Datasets represent data structures within data stores. They point to or reference data used in activities as inputs or outputs.

A dataset is a strongly typed parameter. An activity can reference datasets and consume the properties that are defined in the dataset definition.

Linked services

A linked service is a strongly typed parameter that defines connection information for Data Factory to connect to external resources. They represent data stores and compute resources that are used in the execution of activities.

For example, an Azure Storage-linked service specifies a connection string to connect to the Azure Storage account. Additionally, an Azure blob dataset specifies the blob container and the folder that contains the data.

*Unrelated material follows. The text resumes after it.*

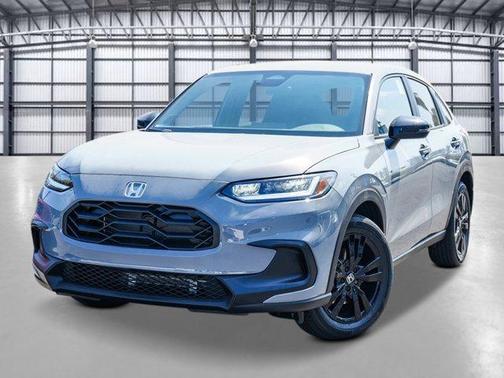 Urban Gray Pearl 2027 Honda HR-V Sport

Linked services are used for two purposes in Data Factory:

  • To represent a data store that includes, but isn’t limited to, a SQL Server database, Oracle database, file share, or Azure blob storage account. For a list of supported data stores, see the copy activity article.
  • To represent a compute resource that can host the execution of an activity. For example, the HDInsightHive activity runs on an HDInsight Hadoop cluster. For a list of transformation activities and supported compute environments, see the transform data article.

Mapping data flows

Mapping data flows enable you to build and maintain data transformation graphs. Execute the data transformation graphs on Spark clusters for scalable and efficient data processing. You can build a reusable library of data transformation routines and execute those processes in a scaled-out manner from your pipelines. The Spark cluster spins-up and spins-down when you need it. You don’t have to manage or maintain clusters.

Integration runtime

Integration runtime serves as a bridge between activities and linked services. It provides the compute environment where the activity either runs or gets dispatched from.

The integration runtime is referenced by the linked service or activity. The activity is performed in the closest region to the target data store or compute service. It ensures the most performant execution of the activity while meeting security and compliance needs.

Triggers

Triggers determine when to start a pipeline. There are different types of triggers, such as time-based triggers or event-based triggers. For more information, see Pipeline execution and triggers in Azure Data Factory or Azure Synapse Analytics.

Control flows

Control flow is the orchestration of pipeline activities. It includes chaining activities in a sequence, branching, defining parameters at the pipeline level, and passing arguments while invoking the pipeline on-demand or from a trigger. It also includes custom-state passing and looping containers. With control flow, you can create complex data processing workflows.